Authentic leadership is everywhere right now. As we enter another presidential campaign, every media outlet is suggesting that America wants an “authentic leader.” But what does that mean? Is it even possible to be authentic in this political climate?

Authenticity, as a concept, has roots in philosophy and originated to describe how the conscious self resolves the tension between one’s true inner being and the external values or pressures. In other words, can you “keep it real,” with the “it” referring to your inner personality and values and the “real” describing how your inner self is reflected in your actions. It is an ongoing challenge for everyone to find the congruence between who we are and what we do—aligning our values with our actions. But the process of living and leading authentically is one worth attempting. Although the journey to authenticity is ongoing and often difficult, small steps can start the process.

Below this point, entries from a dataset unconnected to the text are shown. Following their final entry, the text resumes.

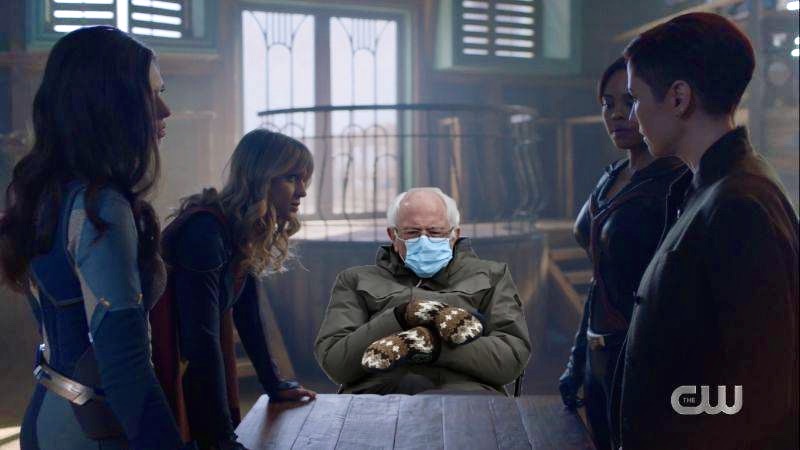 Cut out Bernie Sanders sits at a wooden table while everyone plots how to take down a villain on Supergirl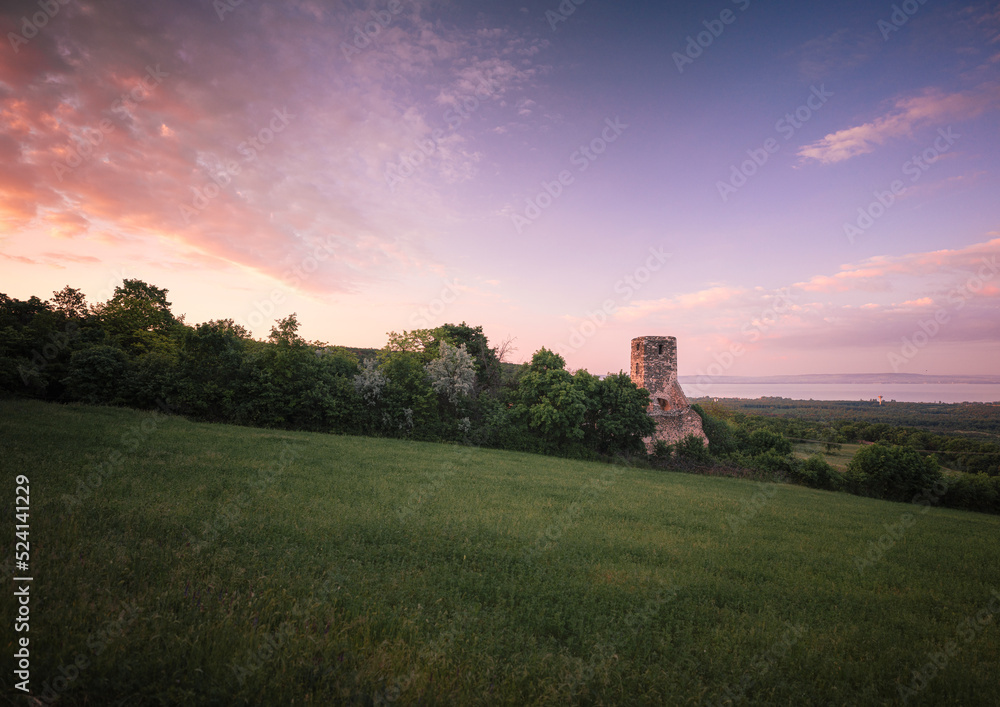 Sunset over the medieval ruins of a temple at lake Balaton, Hungary
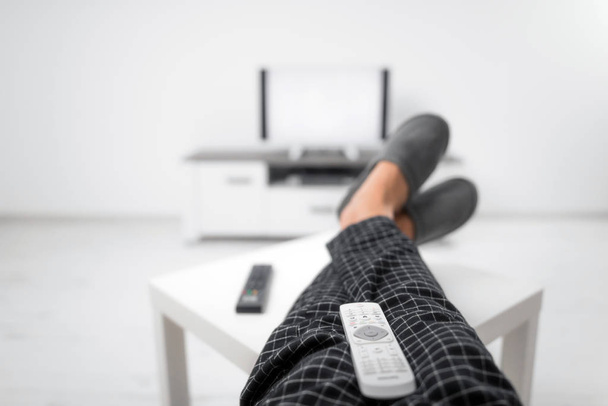 Homem bebendo suco de refrigerante e olhando para a TV com pernas na mesa
 - Foto, Imagem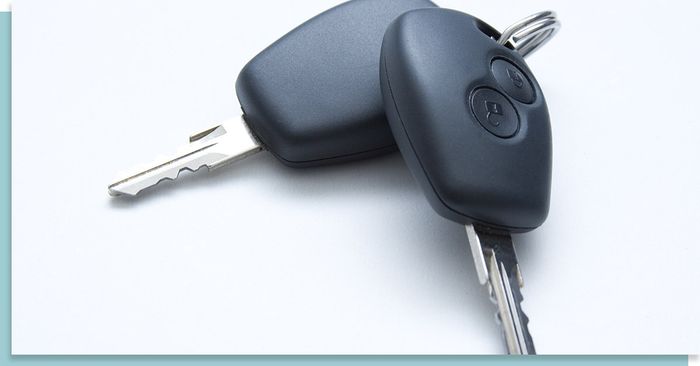 set of car keys on a white background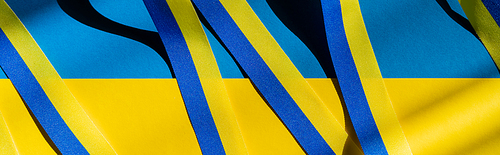 Top view of blue and yellow ribbon with shadow on ukrainian flag, banner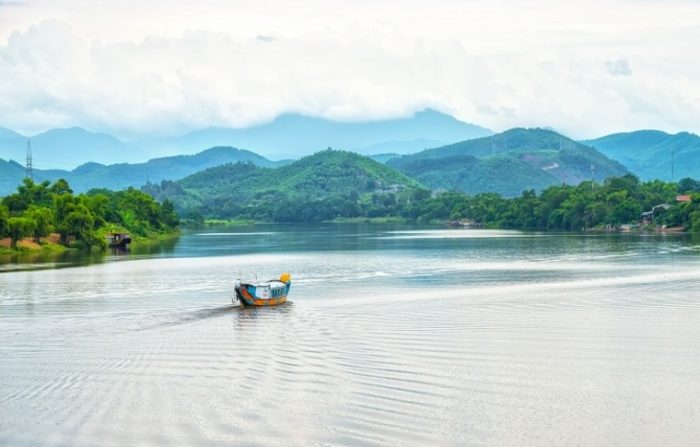 boat on calm river with green mountains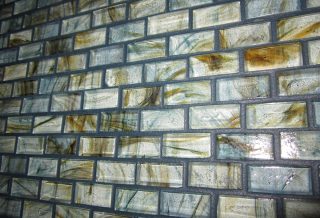 Mosaic tiles in bath in bathroom remodel project in West Urbana, IL.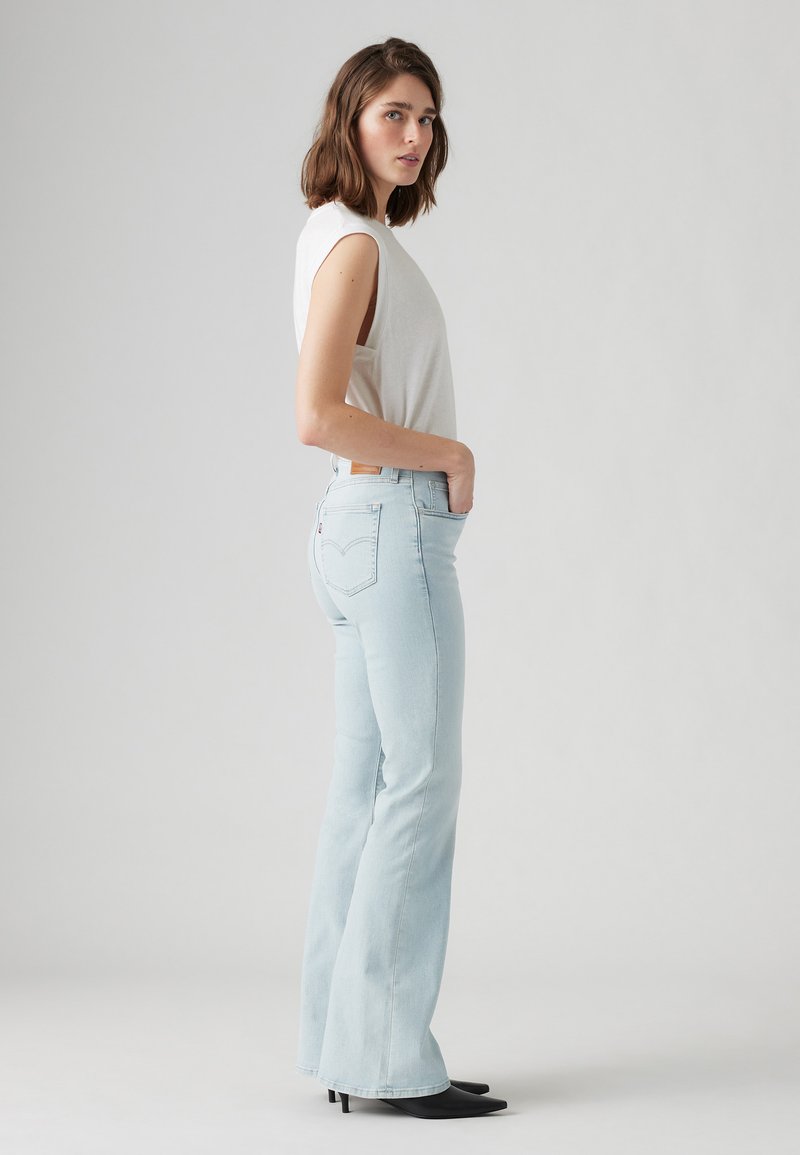 Jeans de mezclilla de tiro acampanado en azul claro, que presentan un diseño clásico de cinco bolsillos y una etiqueta de cuero en la parte posterior. Combinados con una blusa sin mangas blanca.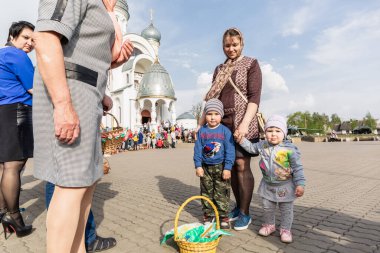 Beryoza, Belarus - 27 Nisan 2019: Çocuklar kiliseye geldiler ve rahibin Paskalya pastaları ve renkli yumurtalarla onları serpmesini bekliyorlar. Hıristiyan dini geleneği.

First: know yourself. Some of the best philosophers, authors, and scholars have suggested knowing oneself is a critical component to development. It continues to hold true that before you can be more effective with other people, you first need to be more effective with yourself. Taking the time to know your true and honest self is the initial step toward authentic leadership.

Second: walk your talk. Authenticity is about our actions reflecting our values and inner self. Leaders often talk about the traits and skills they want to see in others in their life. Instead of concentrating on finding the best person in life or in business, concentrate on being the best person.

Authenticity moves beyond cognitive and intellectual skills and calls awareness to skills such as expression, integrity, and personal presence. The road toward authenticity is a long one and has many obstacles on its path. However, authentic leadership is possible in any climate if those leaders are willing to focus inward before focusing forward.